> [Source information]

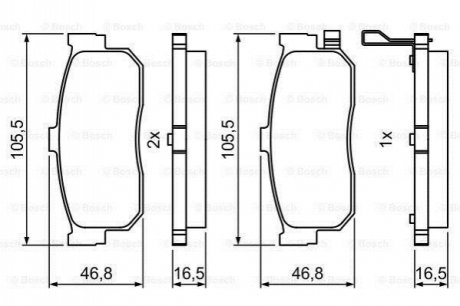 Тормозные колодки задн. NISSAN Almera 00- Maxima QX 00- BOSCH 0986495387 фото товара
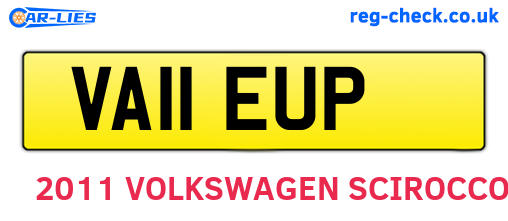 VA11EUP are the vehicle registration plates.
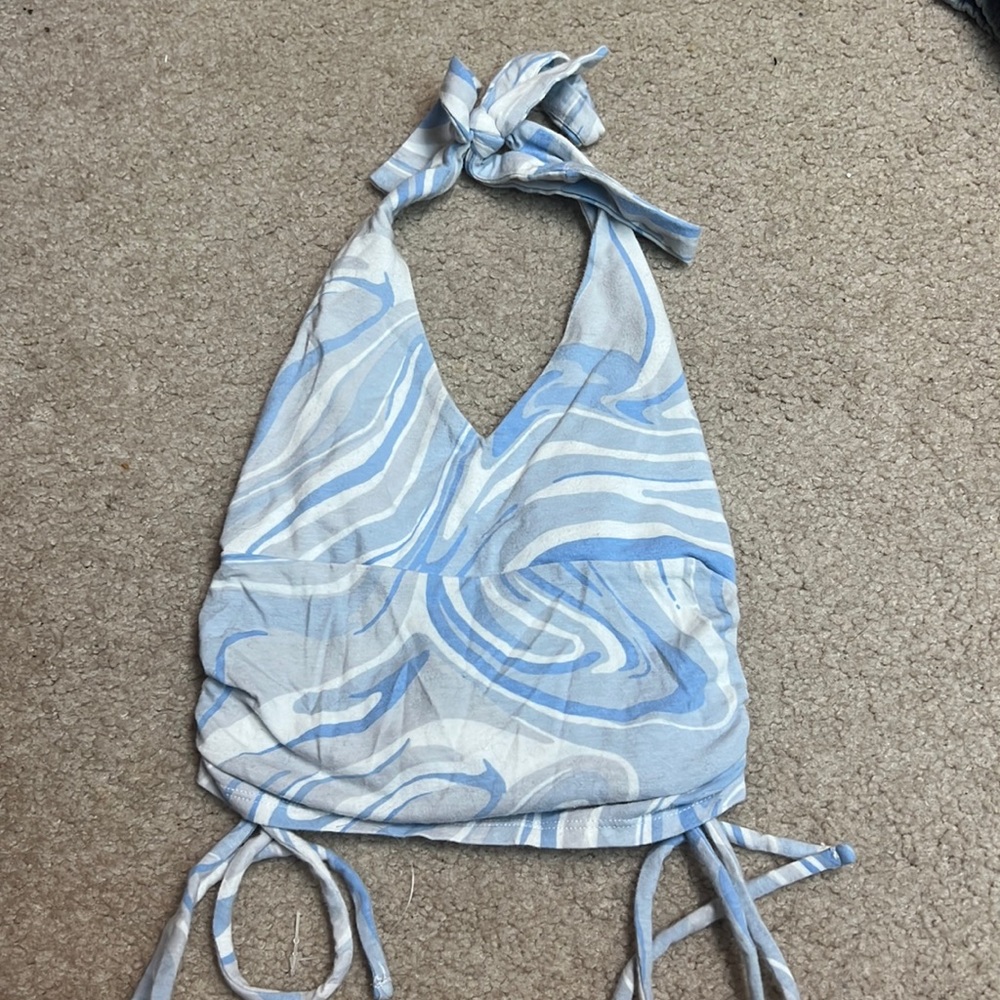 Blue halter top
* * *
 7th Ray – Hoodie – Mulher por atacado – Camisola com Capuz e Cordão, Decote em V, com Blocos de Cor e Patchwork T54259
==
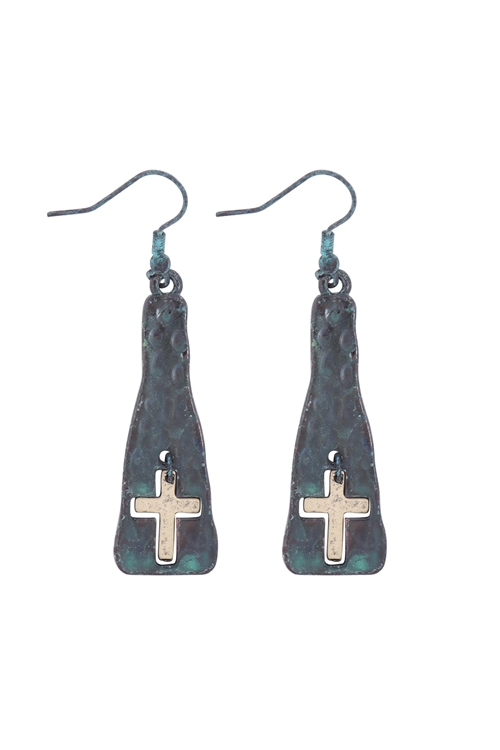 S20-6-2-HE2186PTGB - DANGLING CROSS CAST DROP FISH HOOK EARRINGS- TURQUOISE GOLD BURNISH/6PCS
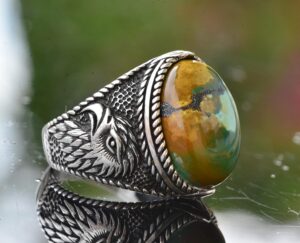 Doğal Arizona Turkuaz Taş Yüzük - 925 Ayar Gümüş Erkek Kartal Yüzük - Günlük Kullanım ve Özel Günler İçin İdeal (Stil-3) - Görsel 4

> [Goal of the exercise] Your reply is to be an exact repeat of the listing above from the line holding "Тормозные колодки задн." down to the line holding "Blue halter top", ends included, pictures excluded.

> [Final answer]
 Тормозные колодки задн. NISSAN Almera 00- Maxima QX 00- BOSCH 0986495387 фото товара
 VA11EUP are the vehicle registration plates.
 Blue halter top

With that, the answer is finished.